▶ Exercise goal
Please write out the data exactly, line by line.

Stored data entries:
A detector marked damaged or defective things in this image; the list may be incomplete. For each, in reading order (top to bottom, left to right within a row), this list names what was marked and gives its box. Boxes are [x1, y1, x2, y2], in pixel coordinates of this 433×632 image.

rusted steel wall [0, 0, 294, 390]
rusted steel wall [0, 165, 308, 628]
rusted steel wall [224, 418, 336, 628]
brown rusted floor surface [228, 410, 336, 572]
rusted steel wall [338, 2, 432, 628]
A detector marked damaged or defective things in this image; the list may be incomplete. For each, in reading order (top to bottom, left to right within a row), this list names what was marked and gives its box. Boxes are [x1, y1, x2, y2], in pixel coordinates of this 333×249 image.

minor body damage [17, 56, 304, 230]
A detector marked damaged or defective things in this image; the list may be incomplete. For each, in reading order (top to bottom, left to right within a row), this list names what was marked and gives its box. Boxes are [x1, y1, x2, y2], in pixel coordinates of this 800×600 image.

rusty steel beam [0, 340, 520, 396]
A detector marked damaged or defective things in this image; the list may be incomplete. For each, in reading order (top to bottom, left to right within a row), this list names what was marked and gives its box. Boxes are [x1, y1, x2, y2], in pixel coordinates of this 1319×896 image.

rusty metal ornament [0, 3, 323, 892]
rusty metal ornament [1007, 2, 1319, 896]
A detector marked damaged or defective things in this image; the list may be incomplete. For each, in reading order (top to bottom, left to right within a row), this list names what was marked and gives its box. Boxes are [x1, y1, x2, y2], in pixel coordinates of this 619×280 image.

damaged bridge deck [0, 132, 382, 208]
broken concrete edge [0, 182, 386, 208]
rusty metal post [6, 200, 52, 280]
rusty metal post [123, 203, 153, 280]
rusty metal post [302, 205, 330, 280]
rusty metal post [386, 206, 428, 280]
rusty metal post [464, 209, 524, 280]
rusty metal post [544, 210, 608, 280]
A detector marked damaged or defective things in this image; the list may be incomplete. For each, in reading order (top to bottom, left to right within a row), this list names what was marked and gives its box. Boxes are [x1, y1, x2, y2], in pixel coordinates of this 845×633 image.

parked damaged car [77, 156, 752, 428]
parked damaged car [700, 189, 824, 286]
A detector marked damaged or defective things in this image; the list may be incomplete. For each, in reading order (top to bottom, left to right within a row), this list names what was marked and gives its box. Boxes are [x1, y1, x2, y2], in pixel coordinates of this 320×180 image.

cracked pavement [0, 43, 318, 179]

▶ Exercise solution
A detector marked damaged or defective things in this image; the list may be incomplete. For each, in reading order (top to bottom, left to right within a row), this list names what was marked and gives its box. Boxes are [x1, y1, x2, y2], in pixel coordinates of this 433×632 image.

rusted steel wall [0, 0, 294, 390]
rusted steel wall [0, 165, 308, 628]
rusted steel wall [224, 418, 336, 628]
brown rusted floor surface [228, 410, 336, 572]
rusted steel wall [338, 2, 432, 628]
A detector marked damaged or defective things in this image; the list may be incomplete. For each, in reading order (top to bottom, left to right within a row), this list names what was marked and gives its box. Boxes are [x1, y1, x2, y2], in pixel coordinates of this 333×249 image.

minor body damage [17, 56, 304, 230]
A detector marked damaged or defective things in this image; the list may be incomplete. For each, in reading order (top to bottom, left to right within a row), this list names what was marked and gives its box. Boxes are [x1, y1, x2, y2], in pixel coordinates of this 800×600 image.

rusty steel beam [0, 340, 520, 396]
A detector marked damaged or defective things in this image; the list may be incomplete. For each, in reading order (top to bottom, left to right within a row), this list names what was marked and gives its box. Boxes are [x1, y1, x2, y2], in pixel coordinates of this 1319×896 image.

rusty metal ornament [0, 3, 323, 892]
rusty metal ornament [1007, 2, 1319, 896]
A detector marked damaged or defective things in this image; the list may be incomplete. For each, in reading order (top to bottom, left to right within a row), this list names what was marked and gives its box. Boxes are [x1, y1, x2, y2], in pixel coordinates of this 619×280 image.

damaged bridge deck [0, 132, 382, 208]
broken concrete edge [0, 182, 386, 208]
rusty metal post [6, 200, 52, 280]
rusty metal post [123, 203, 153, 280]
rusty metal post [302, 205, 330, 280]
rusty metal post [386, 206, 428, 280]
rusty metal post [464, 209, 524, 280]
rusty metal post [544, 210, 608, 280]
A detector marked damaged or defective things in this image; the list may be incomplete. For each, in reading order (top to bottom, left to right within a row), this list names what was marked and gives its box. Boxes are [x1, y1, x2, y2], in pixel coordinates of this 845×633 image.

parked damaged car [77, 156, 752, 428]
parked damaged car [700, 189, 824, 286]
A detector marked damaged or defective things in this image; the list may be incomplete. For each, in reading order (top to bottom, left to right within a row), this list names what was marked and gives its box. Boxes are [x1, y1, x2, y2], in pixel coordinates of this 320×180 image.

cracked pavement [0, 43, 318, 179]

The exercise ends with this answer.